Знаете такой закон Мэрфи – «Если вы думаете, что всё идёт хорошо, значит вы чего-то не заметили». Кант, в своё время, сказал очень правильную вещь – «Есть две удивительные вещи – звёздное небо над головой и нравственный закон внутри». Так вот, для меня – определяющее именно это. Возвращаясь к критике, как таковой, я скажу вам, кого бы я послушал. Я прислушиваюсь к тому, что есть мудрость и природа. Поэтому я и пишу – «Чую». Прочитайте вот это. Причём даже не тот стих, который писал я, а экспромт на него, который я поставил ниже. Я не думал, что когда-нибудь решу поднять отклик на это моё стихотворение на его страницу, поскольку оно очень моё. Но этот отклик решил поднять. Настя Спивак рассказала то, что между строк. Причём учтите, что это экспромт, и это девочка, которой 14 лет. Вот она – новое сознание 21 века, мудрость, особое вИдение и природа. И к ней я прислушиваюсь - http://www.stihi.ru/2010/03/29/1887 И определитесь для себя, с кем вы сами себя позиционируете – с серьёзным критиком или начинающим поэтом. Если с критиком – не публикуйте своих стихов, или в крайнем случае не обижайтесь, что к вам заходят познакомиться с вашим собственным творчеством. Это естественно. Но здесь гораздо лучше дать слово Марине Цветаевой.

СЛОВО МАРИНЕ ЦВЕТАЕВОЙ.
«Первая обязанность стихотворного  критика – не  писать  самому  плохих стихов. По крайней мере – не печатать. Не доверяю также критикам – не  то  критикам, не то поэтам. Из  таких неудачников обыкновенно выходят критики – теоретически поэтической техники, критики-техники, на лучший конец – тщательные. Но техника, ставшая самоцелью, сама и есть самый худой конец. Это грустное правило – от невозможности большого (быть творцом) – делаться меньшим ("попутчиком"). К кому я прислушаюсь? Ко всякому большому голосу я прислушаюсь, чей бы  он ни был. Если мне о моих стихах говорит старик-раввин, умудренный кровью, возрастом и пророками, я слушаю. Любит ли он стихи? Не знаю. Может быть, никогда их и  не читал. Но он  любит (знает) все – из  чего  стихи,  истоки жизни  и бытия. Он  мудр, и мудрости его на меня хватит и на мои строки. Прислушаюсь  к  Ромену  Роллану,  прислушаюсь к семилетнему  ребенку – ко  всему,  что  мудрость  и  природа.  Их  подход космический, и  если в моих стихах  космос есть, они его прослышат и на него отзовутся».

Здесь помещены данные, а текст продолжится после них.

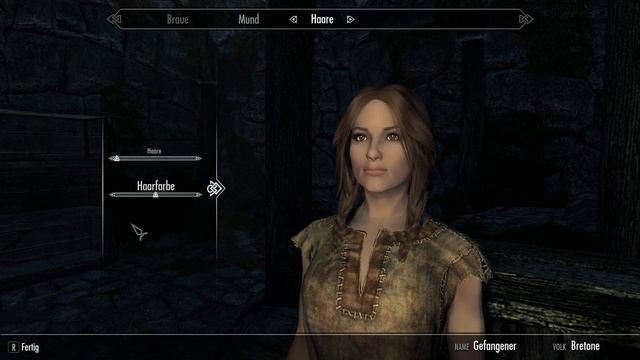 Skyrim Special Edition Mods #001 Neuanfang смотреть онлайн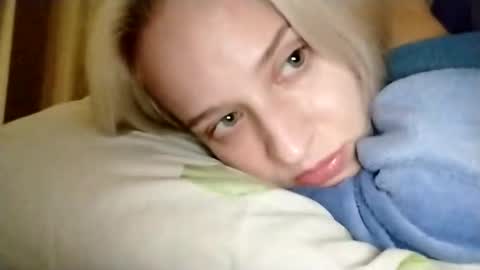 Mila 420 online show from January 16, 2026, 7:51 pm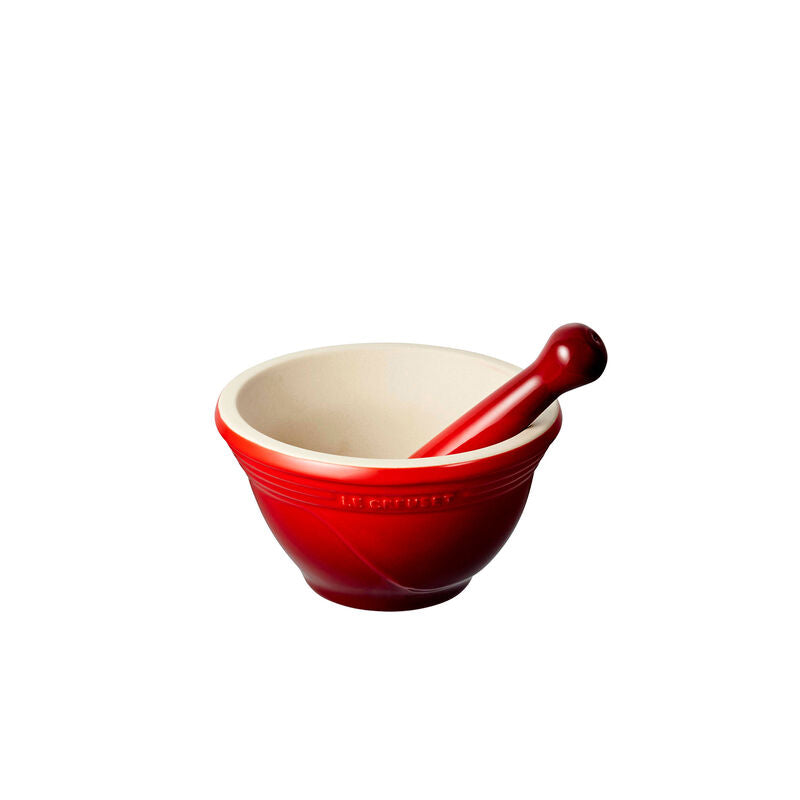 Le Creuset Mortar and Pestle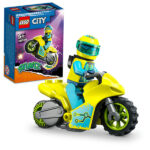 لگو سیتی کد 60358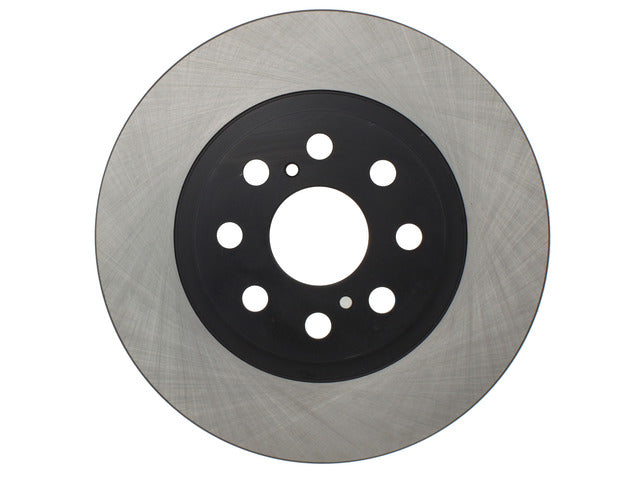 Centric Parts Disc Brake Rotor P/N:120.44120 Fits: Toyota Mr2 Spyder 05-00 - Image 3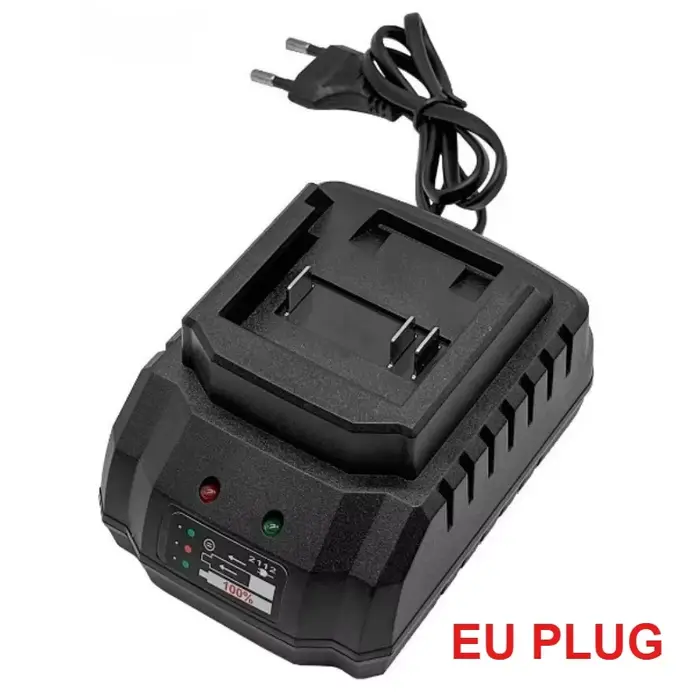 Pour Makita modèle chargeur 18V 21V perceuse électrique clé électrique meuleuse d'angle chargeur out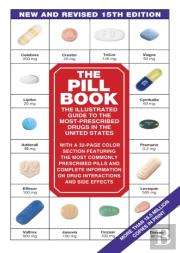 The Pill Book (15th Edition)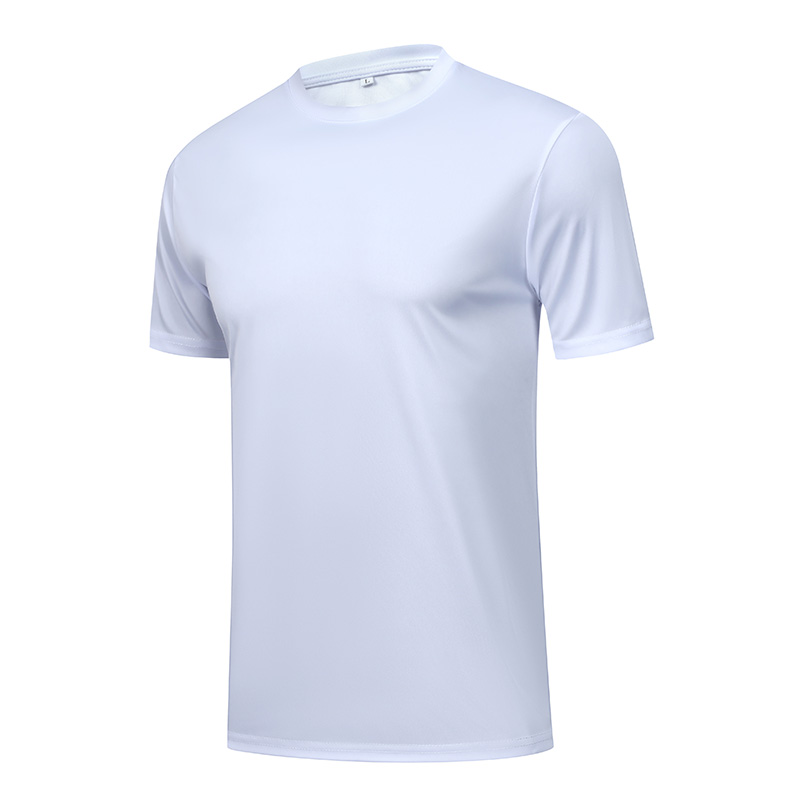 Gahumi Custom T-shirt with Round Neck-04-2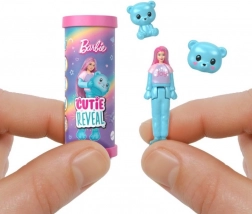 Mini BarbieLand Cutie Reveal lutka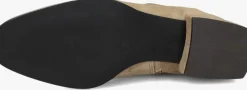 NOTRE-V hoge laarzen 25180 taupe Outlet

Что тут можно сказать? БРАВО, Марина!

А вот это ещё более определённо). ИГОРЬ СЕВЕРЯНИН – «Интродукция»

Я – соловей! на что мне критик
Со всей небожностью своей? –
Ищи, свинья, услад в корыте,
А не в руладах из ветвей!

Я – соловей, и, кроме песен,
Нет пользы от меня иной.
Я так бессмысленно чудесен,
Что Смысл склонился предо мной!

На этом разрешите откланяться. Всех вам Благ, критик).